Vittar has every right to be euphoric—her career is taking off, and many of her Brazilian peers are creating exciting work. She is among the leaders of a group of ascendant Brazilian queer and trans artists that includes: Gloria Groove, Linn da Quebrada, As Bahias e a Cozinha Mineira, Aretuza Lovi, Liniker e os Caramelows, Johnny Hooker, Filipe Catto, and Rico Dalasam. She is proud to consider many of these artists her friends and sees their collective success as a testament to the importance of their stories and identities. “We are a voice, we are a flag,” she tells me.
A Global Superstar in the Making
When I ask Vittar if she ever worried about limiting her career by delivering her three-octave range in women’s clothes, she laughs kindly and simply says: “Society is never ready for anything. I always embrace the ‘yes’ that I’m given.” In drag, she found a way to express her true self. “Pabllo Vittar is an extension of my personality,” she says. “Pabllo is where I can let it all out.”
Vittar began her career performing at Uberlândia’s Clube Belgrano, encouraged by its owners (current managers Leocádio Rezende and Yan Hayashi). Accompanied by drag queen friends, she eventually released a candy-colored video for her Portuguese cover of Major Lazer’s “Lean On,” retitled “Open Bar.” In the breakout clip, her spark is evident, and it was enough to merit a retweet from Diplo, who identified in the young queen the kind of regional star power he is wont to repackage and sell to the global mainstream. Following the success of “Open Bar,” Diplo tapped her impressive pipes for the track “Sua Cara” with Brazilian pop icon Anitta. In the video for that track, Vittar’s sense of empowered sexuality, for which she’s now well known, is on full display.
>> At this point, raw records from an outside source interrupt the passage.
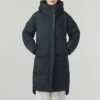 Casual lång dunjacka ”Black”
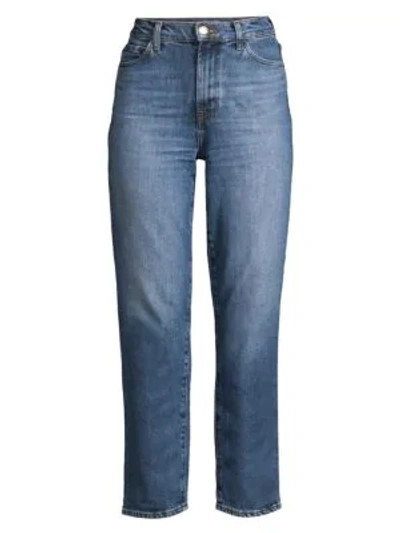 Shop J Brand Jules High-rise Straight Jeans In Metropole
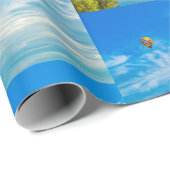 Schöne Heißluftballons Geschenkpapier (Rolleneckpunkt)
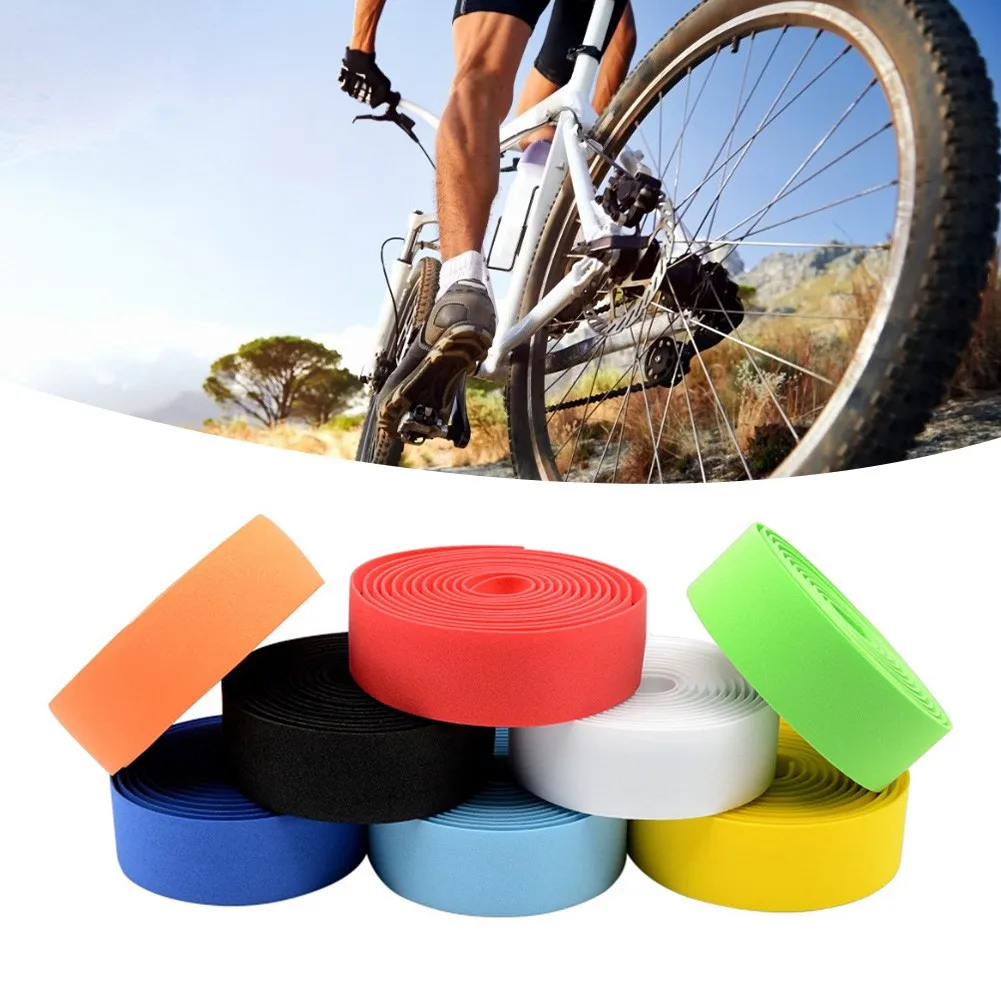 2 PCS/set Road Bike Handlebar Tape Bicycle Drop Bar Wrap Outdoor Sports Non-slip Bike Accessories Double-sided Tape To Fix
2 PCS/set Road Bike Handlebar Tape Bicycle Drop Bar Wrap Outdoor Sports Non-slip Bike Accessories Double-sided Tape To Fix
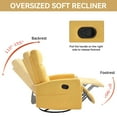 thumbnail image 5 of Manual Recliner Chair for Living Room,Swivel Recliner Chair with Footrest,Yellow, 5 of 8
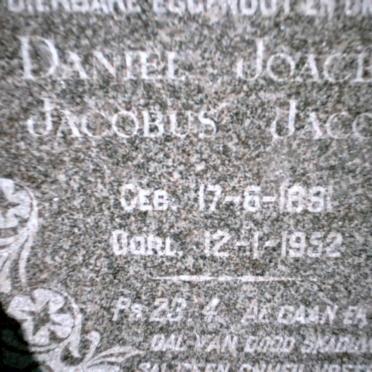 JACOBS Daniel Joachim Jacobus 1891-1952 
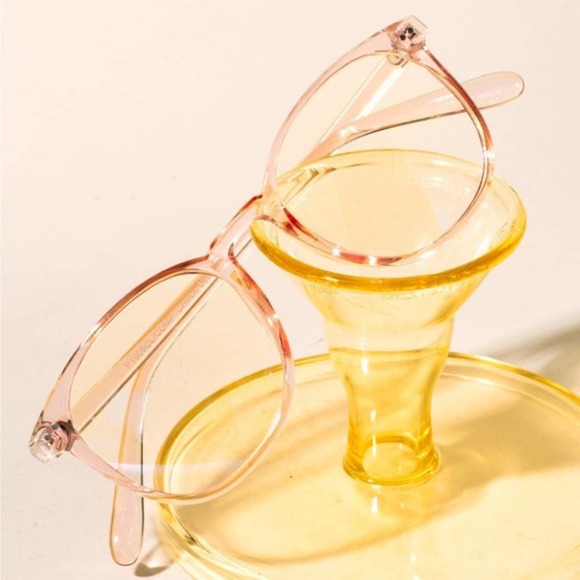 Ezra Pink Computer Blue Light Glasses - Picture 8 of 14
So began the reign of Pabllo Vittar, who released her studio debut, Vai Passar Mal, in January 2017, and followed that up by kissing Diplo in the video for their smash collaboration “Então Vai.” These hits, coupled with Vittar’s appearances on the television series Amor e Sexo, made her a household name in Brazil. But unlike most of her country’s superstars, news of her fame has begun to spread beyond Brazil’s famously insular musical galaxy. Vittar told me in our interview that she considers her international career as “important, but not fundamental.” But her feature on the 2017 Charli XCX track “I Got It,” the “Caliente” duet with Argentine pop princess Lali, and rumors of international gigs (up until now, she’s only ventured outside Brazil to play very rare shows in Argentina and Portugal) could indicate her team’s ambitions to bring her to the ears of international fans.
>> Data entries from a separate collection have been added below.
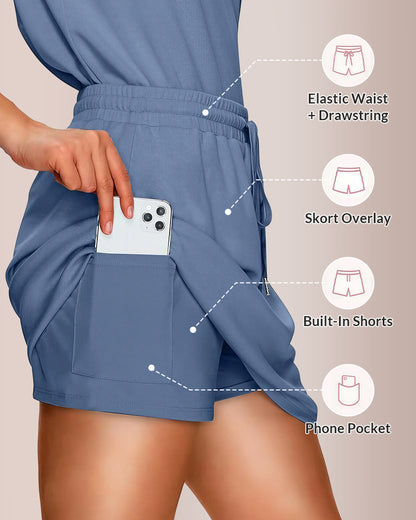 Curvvvy™ The Everyday Active 2-Piece Skort Set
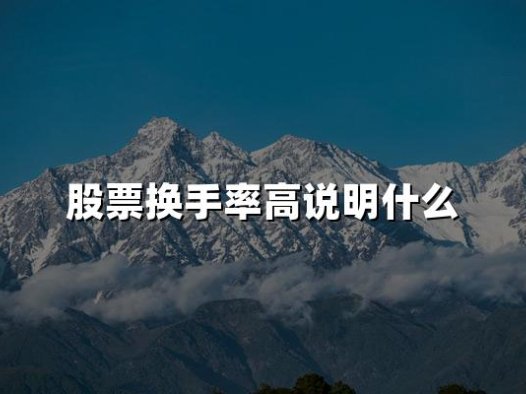 股票换手率高说明什么(2024年权威解答)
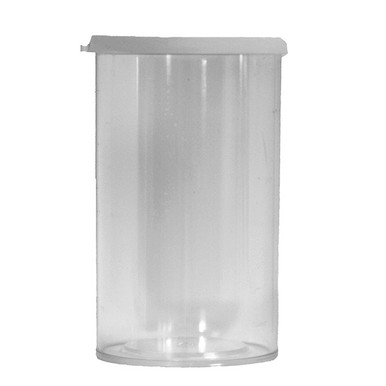 5oz (40 Dram) Plastic Container with Clear Lid - MOQ 250,000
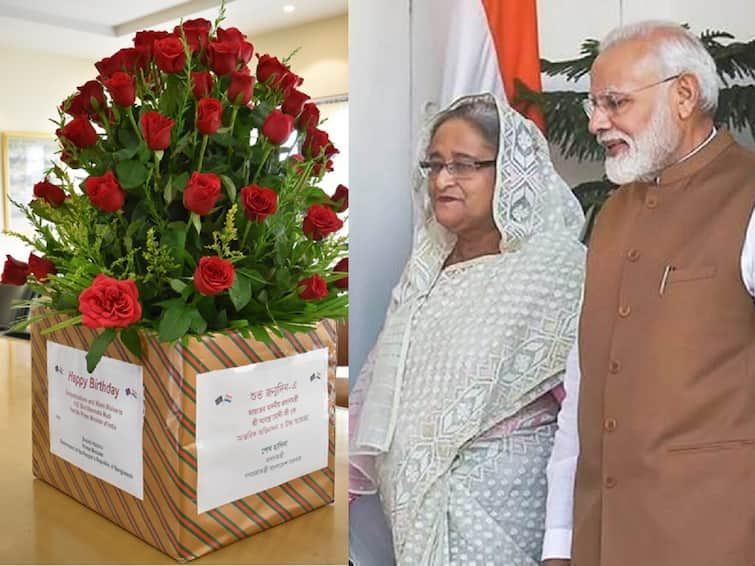 Happy Birthday PM Modi: Bangladesh PM Sheikh Hasina Sends 71 Red Roses As Narendra Modi Turns 71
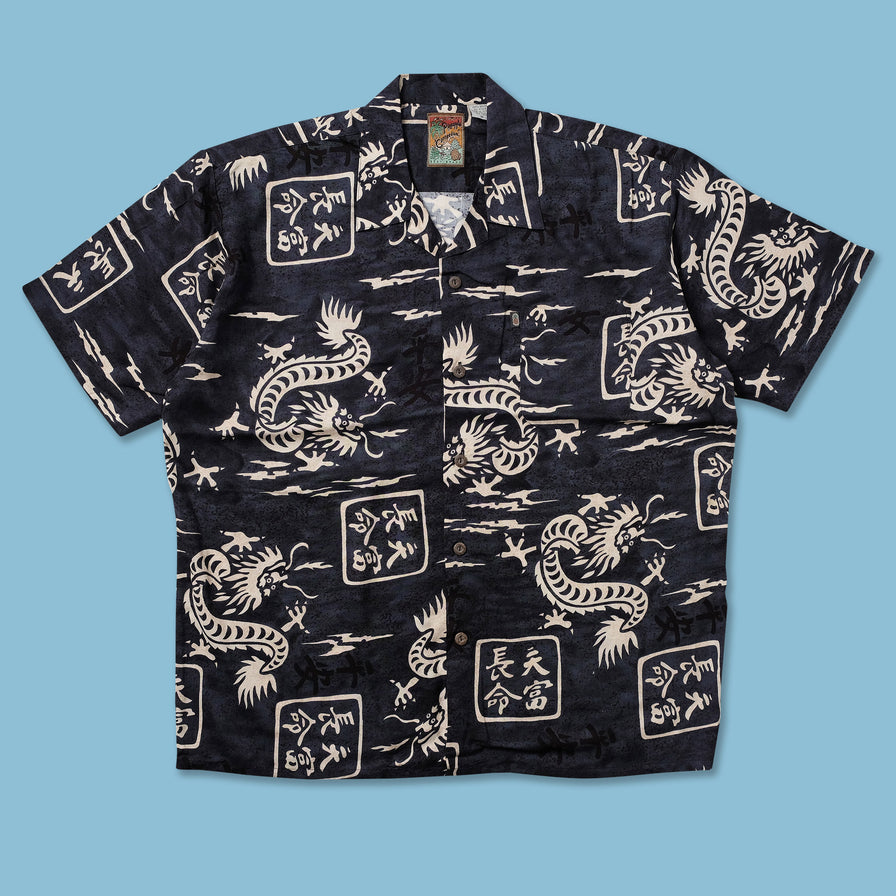 Y2K Dragon Shirt Large - Double Double Vintage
In the era of Spanish-language crossover hits like Luis Fonsi’s “Despacito” and J Balvin’s “Mi Gente,” that goal seems slightly more realistic than it may have been in decades past. The fact that most of the English-speaking world can’t understand Vittar’s Portuguese may not matter as much when listeners are faced with her world-class charisma and soaring vocal athletics. And in fact, the global pop scene’s embrace of Vittar may have already begun: last year, she was nominated for a Latin Grammy in the category of Best Urban/Fusion Performance for “Sua Cara.” Vittar is the first drag queen ever to be nominated.
Loyal to Brazil
Despite signs that her international career is about to take off, Vittar’s primary focus is still on her home country of Brazil. She’s already looking forward to Carnival, slated to begin in early March, and is ultimately optimistic about the years ahead.
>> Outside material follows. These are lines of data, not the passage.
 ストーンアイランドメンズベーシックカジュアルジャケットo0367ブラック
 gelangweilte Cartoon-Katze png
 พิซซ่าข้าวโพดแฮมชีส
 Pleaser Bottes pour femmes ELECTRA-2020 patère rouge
“It’s an unknown future,” Vittar admits when I ask what she sees for Brazil in the years to come. “But I tend to be positive. I’ve always believed that things will head to a better place, a place of equality, more tolerance, more respect. Even if all we can see is darkness up ahead, I believe that at the end of the dark era, everything will work out just fine and we’ll be okay.”